A year ago, this kind of episode would have sent me into a panic attack that lasted all day. Now, I was able to overcome it in just a few minutes. It was a sign of the progress I’d made.

Yet, I still couldn’t help feeling like a failure every time it happened. It was over. I was safe now. Everything should be fine.

“Bell ringers,” I said out loud. The name still sent a shiver up my spine, but I held it together.

It was one of the first things my therapists had focused on once I’d been brought to the recovery facility. Words had power, and I needed to be able to say the name of my abusers out loud. It allowed me to take the power back from them and reclaim it for myself.

Somehow, describing what the bell ringers had done to me, kidnapping me as a child to be used by a bunch of pedophile monsters, was easier to talk about. Though not pleasant to recall, it was clinical. An action that someone else did, rather than something that happened to me.

Saying their name out loud, however, had been nearly impossible at first. Giving my abusers a name felt like I was making them real and inviting them into the room with me.

“Bell ringers,” I said out loud again, just to prove that I could name them now. “Fuck you.”

With my hands no longer shaking, I reached once again for the bottle of hair dye.

I could do nothing about the color of my skin and eyes.
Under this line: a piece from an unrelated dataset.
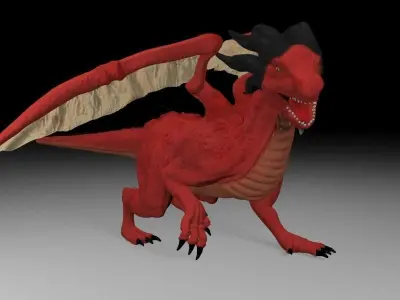 Ruby dragon Low-poly 3D model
I’d tried wearing colored contacts and fake skin bronzer once, but both had left me so irritated that I’d had to give up on them.

My hair, however, was easier to change.

After escaping the bell ringers, I’d just buzzed it all off. For years, I’d never let it grow longer than peach fuzz. Now, I’d finally gotten comfortable enough to let it grow out a few inches. It was still very short, but long enough for the natural pale color to be evident.
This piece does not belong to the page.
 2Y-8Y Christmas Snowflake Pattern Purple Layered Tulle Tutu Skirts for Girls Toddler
As I held the bottle of dye up to my hair, I decided that I wouldn’t cover all of it. My therapists insisted that I needed tolearn to accept my looks. So, I would do them proud by letting some of the blond color remain, and I only applied the dye to the ends of my hair.

Once everything was applied, I had to wait twenty minutes for the dye to do its job. Until then, I was stuck in the bathroom.